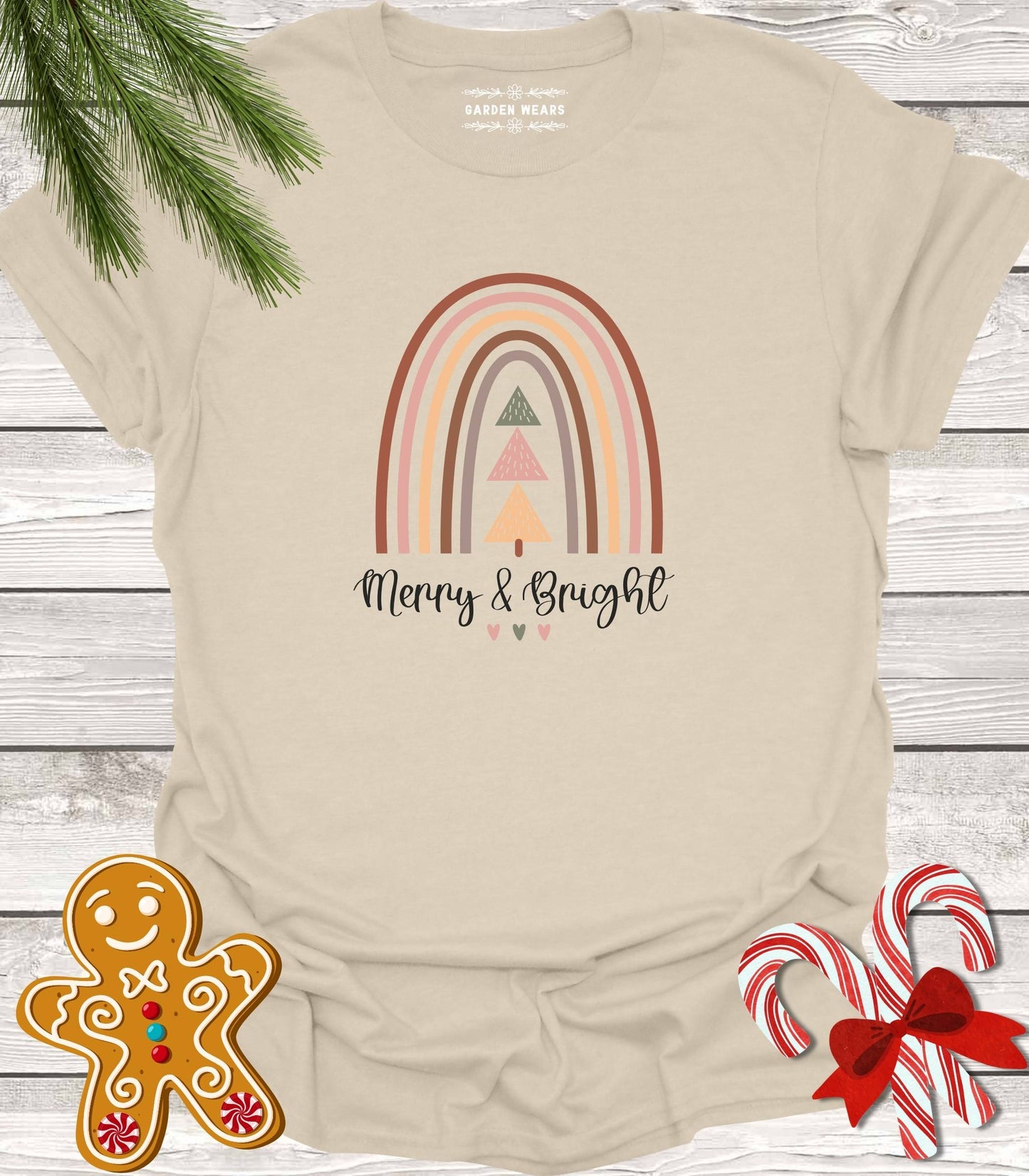 Unisex 100% Cotton T-shirt, Merry & Bright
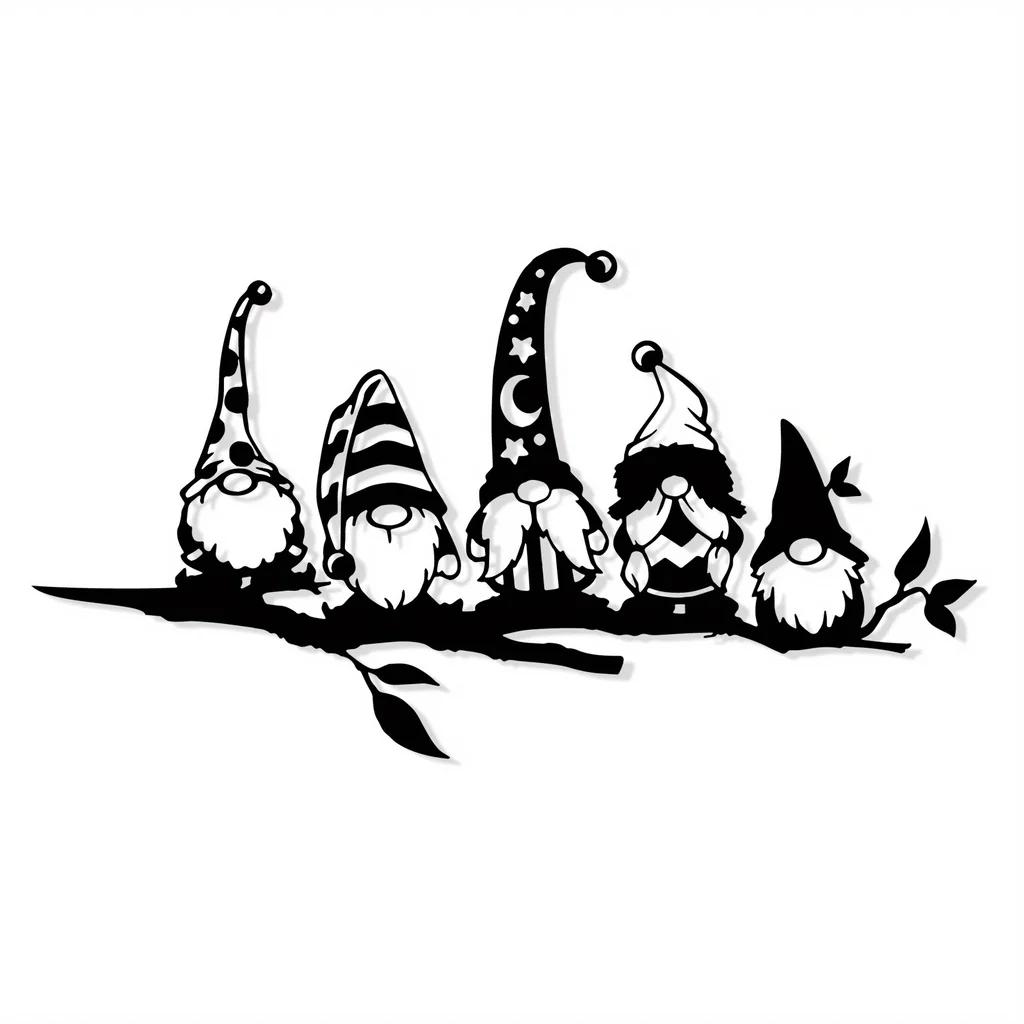 

Украсьте свой сад одним металлическим украшением в виде гриба-гнома для садовой вечеринки бежевый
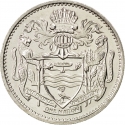 25 Cents 1967-1992, KM# 34, Guyana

The problem: Every line from the one containing "Украсьте свой сад" through the last line of the listing must be written out again exactly, and no other line. Leave the pictures aside.

Response area:
Украсьте свой сад одним металлическим украшением в виде гриба-гнома для садовой вечеринки бежевый
 25 Cents 1967-1992, KM# 34, Guyana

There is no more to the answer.